Besides simply not shipping items, I also found I could make money by creating false value with common objects. I tried a lot of things like this, including selling fake autographs and used underwear. This was even better than scamming because people actually got what they paid for and no one ever knew. The internet allowed me to manifest a false aura for an object, creating worth from none. Sometimes I feel I actually earned this money; in some ways it feels the same as writing fiction, or even essays.

This went on for a while until one day I took a picture of a common black Sharpie marker and said it had been used by Justin Timberlake. I wrote in the item description that I’d been at a grocery store in Florida, or wherever the internet said he was living at the time, and that I’d seen him sign an autograph for someone with the marker, then left it behind. I think I remember admitting that I didn’t care that much about Justin Timberlake and that’s why I was selling the marker instead of keeping it for myself. The logistics make no sense, clearly, but still somehow the item sold for $28. The person said they’d like to pay by check.

The next week when I received the payment, I found along with the payment they’d sent a note. “Thank you so much for offering such a wonderful item for sale,” the buyer wrote. “The pen is for my daughter. She has Down’s syndrome. She is the biggest NSYNC fan in the whole world, and she is constantly looking on Ebay for memorabilia. She has pretty much everything by now, so when she saw this really unique item she got really excited. It’s really going to make her day. Thank you!!”

Jesus christ.
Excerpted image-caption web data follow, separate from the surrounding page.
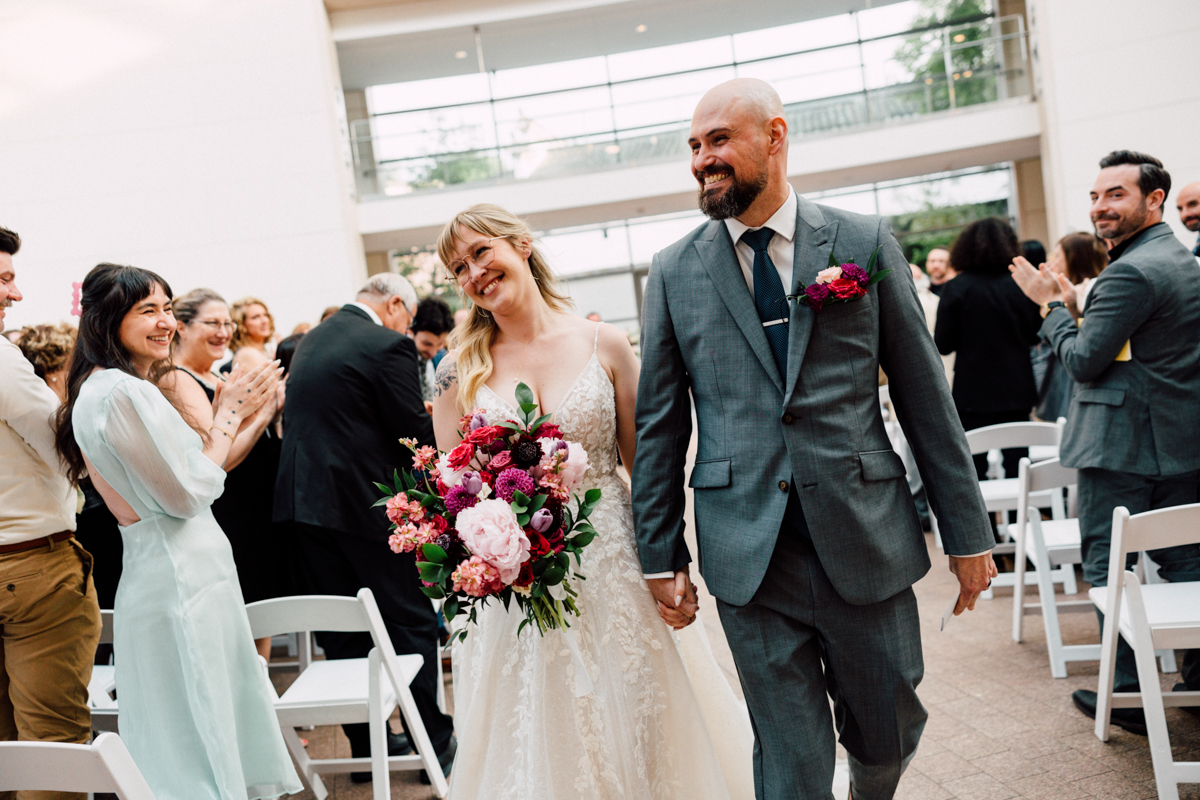 A newlywed couple smiles and holds hands while walking down the aisle at their Peabody Essex Museum Wedding, surrounded by applauding guests. The bride holds a vibrant bouquet, and both look joyful in a bright indoor venue.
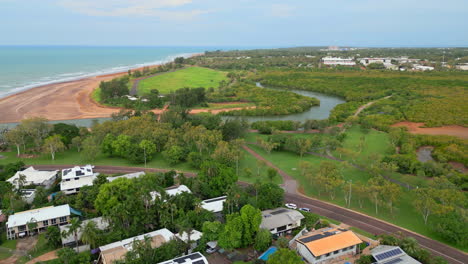 aerial drone of rapid creek casuarina drive traffic along beachfront by river estuary, nt australia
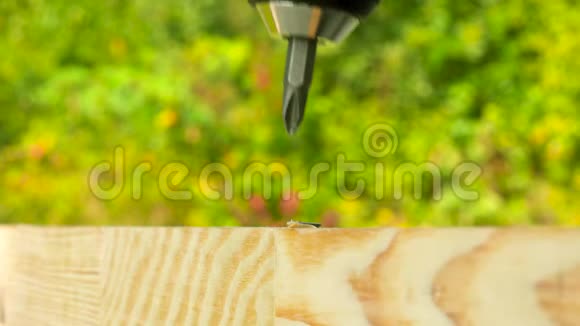 电动螺丝刀的特写在木板上拧下黑色自攻螺栓户外视频的预览图
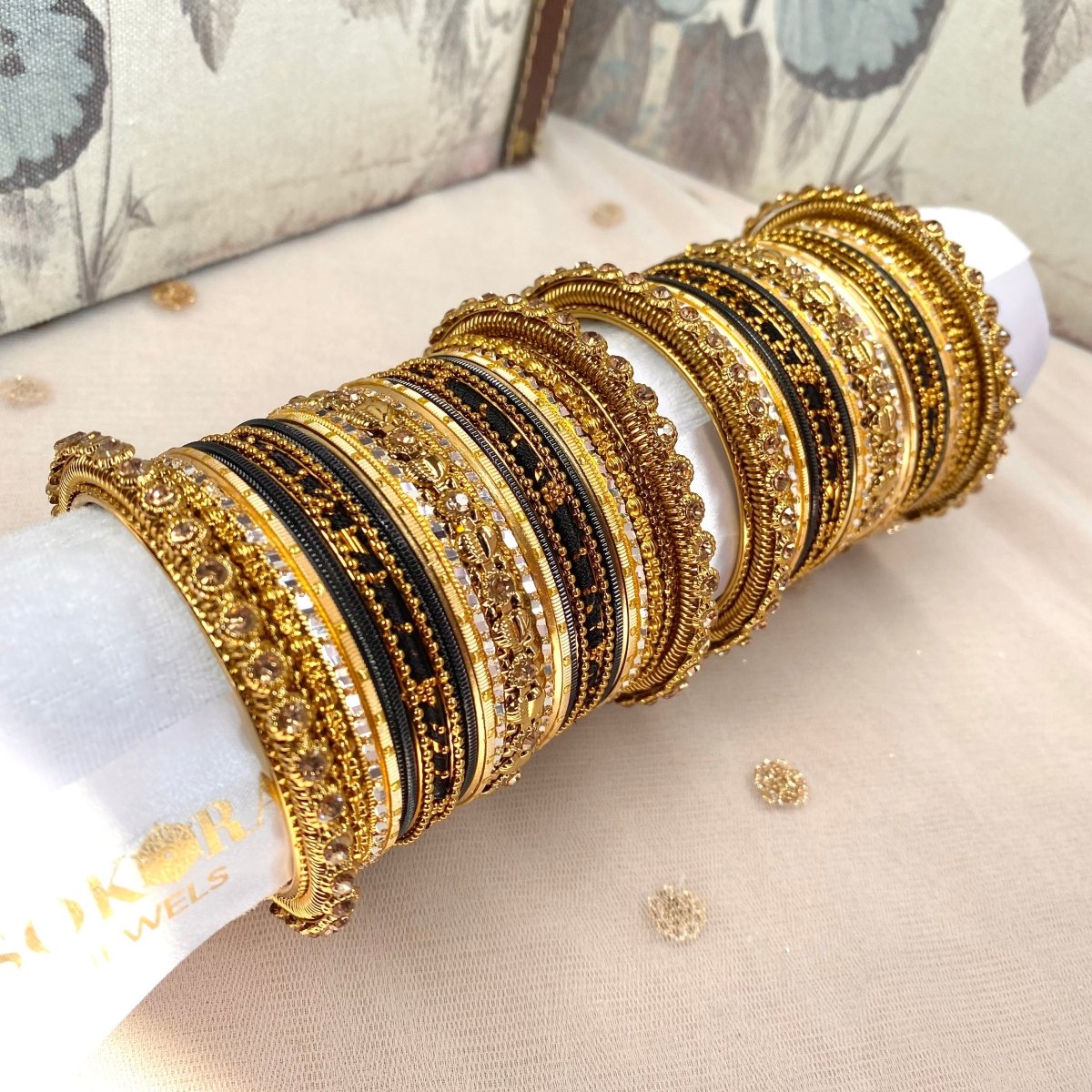 Black and on sale gold bangles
I tore the check up. I think I tore the letter up also, and to be honest I can’t remember if I even sent the pen. I’d like to say I did, but I think I may have felt so embarrassed that I didn’t even want to send my lie out in the mail. I know it would have made her happy, but I couldn’t stand to imagine her holding this stupid marker I’d made a mirage of. Somehow thinking of her honoring that myth seemed even worse, like psychic damage I was prodding awake in the world: some silent thing that lurked without a body but now somehow had rubbed up against mine. I never lied about what an object was again, and for the most part, that was the end of my eBay scam era.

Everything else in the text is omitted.